Empty Cereal Box

Views From Inside an Adoptee

May 23, 2006

Trust

Bouquet from Mom Seeking Peace

Trust gives wings to the soul's flight through pathless awareness of its being.-
-
John Hogue

This is my last day in Portland. It's been breathtakingly beautiful here and being with my daughter K and her fiancee and having fun every day and night. One of the warmest and most gracious suprises of my visit here was meeting Mom Seeking Peace. She phoned me and we had a wonderful visit sharing our experiences about being affected by adoption--she having given up her son and me having given up my mother. Then she brought her sons with her and handed me a big bouquet of flowers in memory of my nmom, a little bear in honor of the "little girl" still inside me, and a card that expressed things only those affected by adoption could understand. It was a wonderful meeting. It was as if my own nmom, whom I've never met, came by to give a little peace to my heart. I can't explain how warm and thoughtful MSP was and how much it meant to me to meet her.

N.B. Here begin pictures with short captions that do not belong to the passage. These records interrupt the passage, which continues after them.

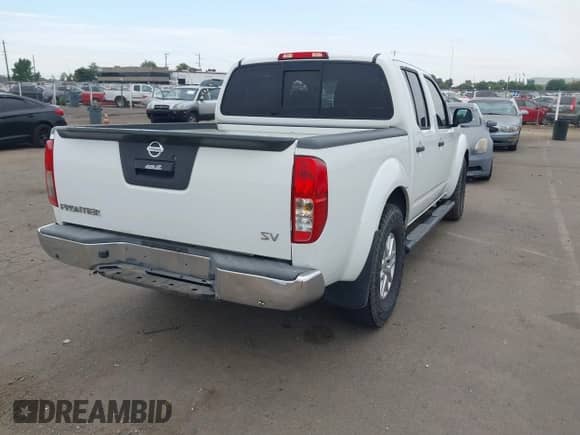 2015 Nissan Frontier SV with VIN 1N6AD0ER4FN751322, listed as a IAAI auction lot 43276518 with 124,404 mi miles and . Bid and sale history available at DreamBid. Image 4.
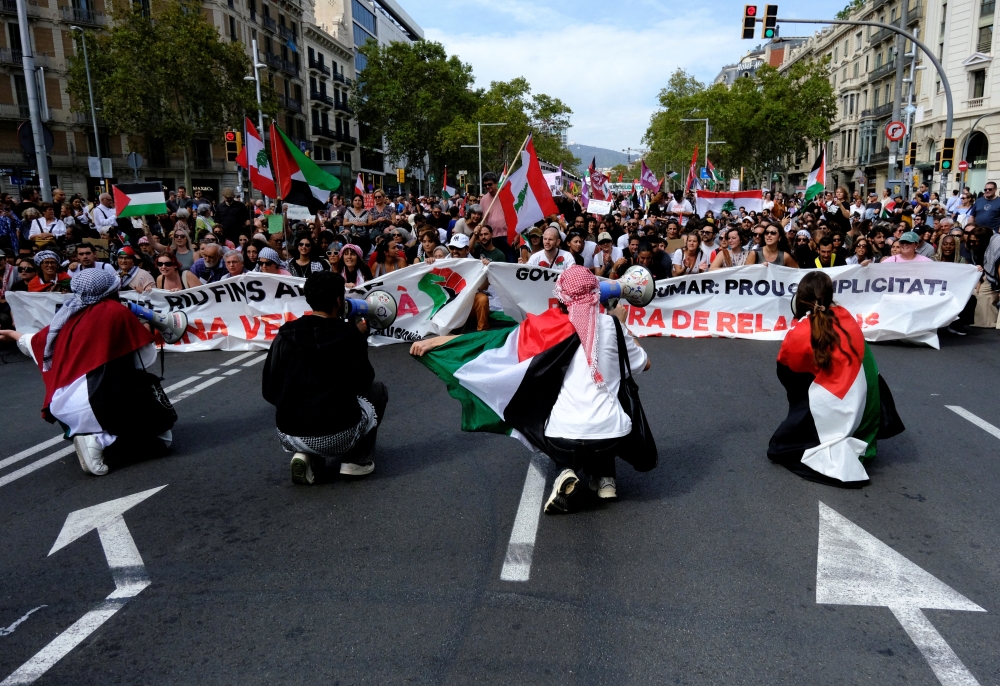 People demonstrate during a protest to express support for Palestinians in Gaza, in Barcelona. — Reuters 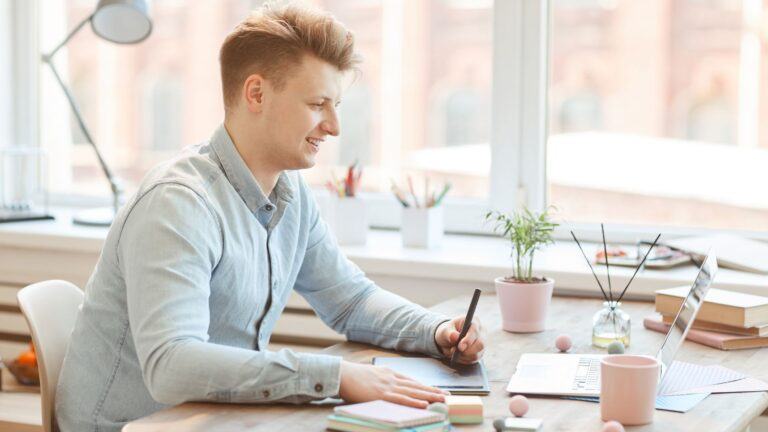 fair skinned young man drawing on tablet and smiling as he looks at his computer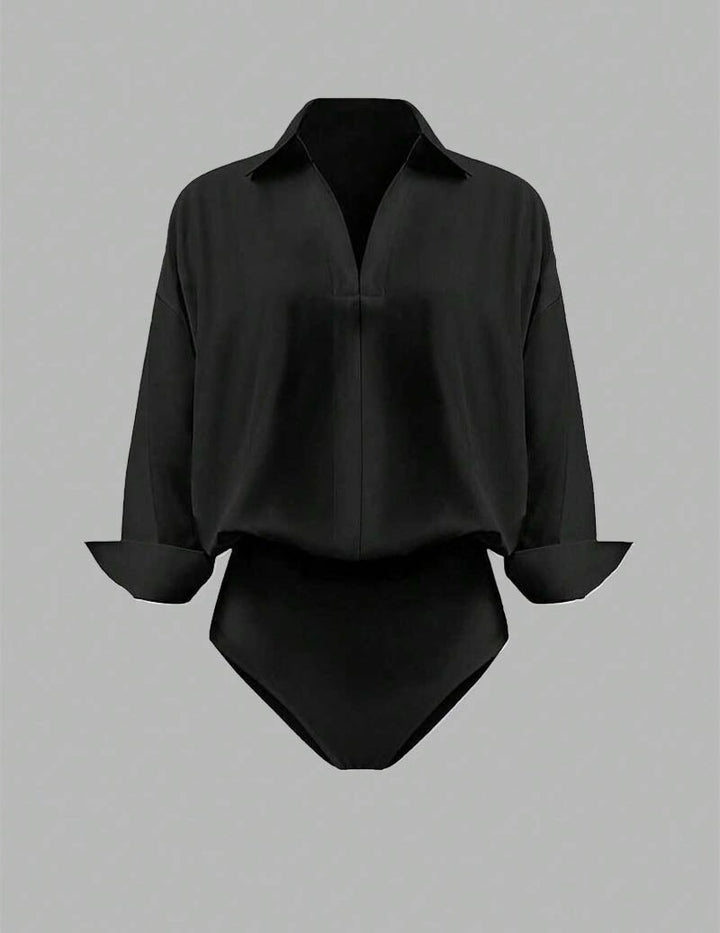 Stylish yellow long sleeve bodysuit with draped collar, ideal for a smart casual or elegant outfit.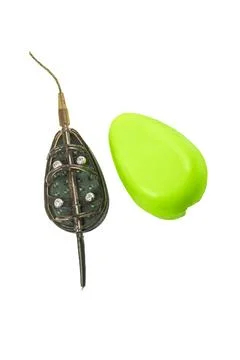 A flat method rig for carp fishing is displayed, featuring a weighted feeder  Stock Photos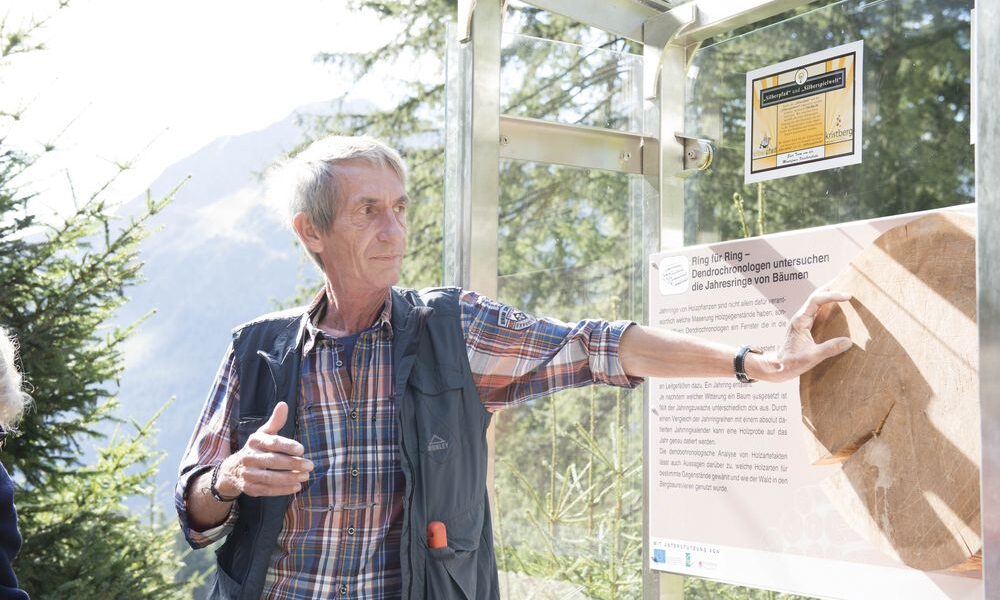 Ein älterer Mann steht im Freien und zeigt auf eine Informationstafel mit Text und einem Fossilienabdruck, mit Bäumen und Bergen im Hintergrund.
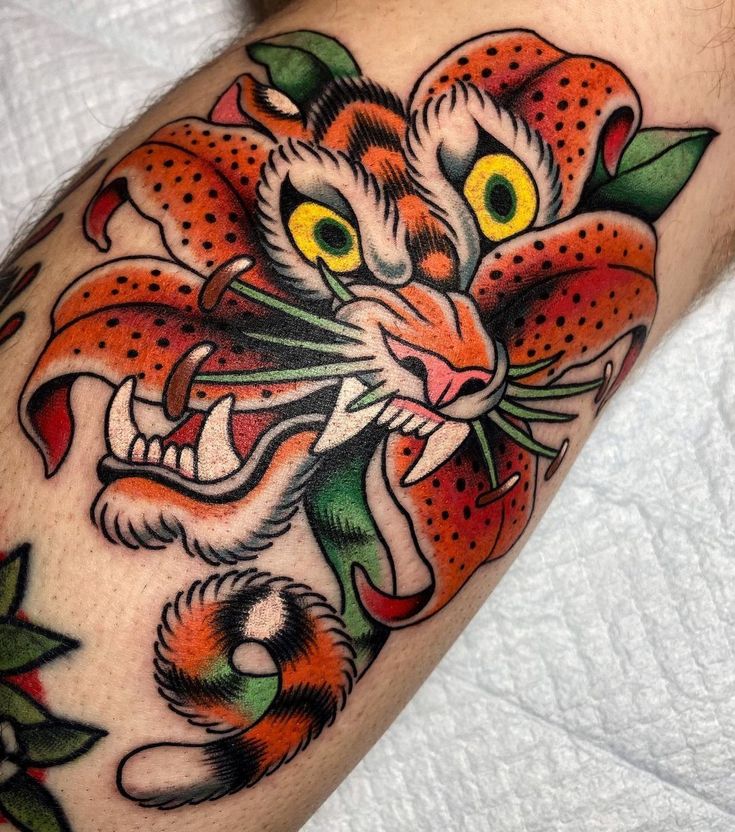 a tiger tattoo on the arm with flowers and leaves around it's neck,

After she left I visited her blog and realized how much we have to trust the process of life and how the human spirit can be as healing as nature herself. I don't want to go home, yet I know that the only way to live now is to trust.



3 Comments:

Blogger HeatherRainbow said...

((Marie))

I used to be healed by the gorges. Trusting people is hard, though it does speak truth. Trust. In the wholeness of the universe.

23.5.06  
Blogger Marie said...

Heatherrainbow-for some reason your words bring tears to my eyes. Trusting the process of life isn't something that comes easily to me, but when I remember to let go and be in the moment, everything gets taken care of somehow...
Thanks for dropping by! Hugs.

23.5.06  
Blogger Laurie (formerly known as Momseekingpeace) said...

HI Marie,
I have just had a chance to read your blog after a few days, I have been so busy. I cried when I read your entry, I of course got as much out of meeting you. I was at the Ann Fesler booksigning and reading tonight and I kept thinking of you and how much I wish you could be there, it was a sad but healing room, one could feel the compassion and understanding and......of course the heartache.
I wish there was a way you could have more closure, it's so painful to long so deeply.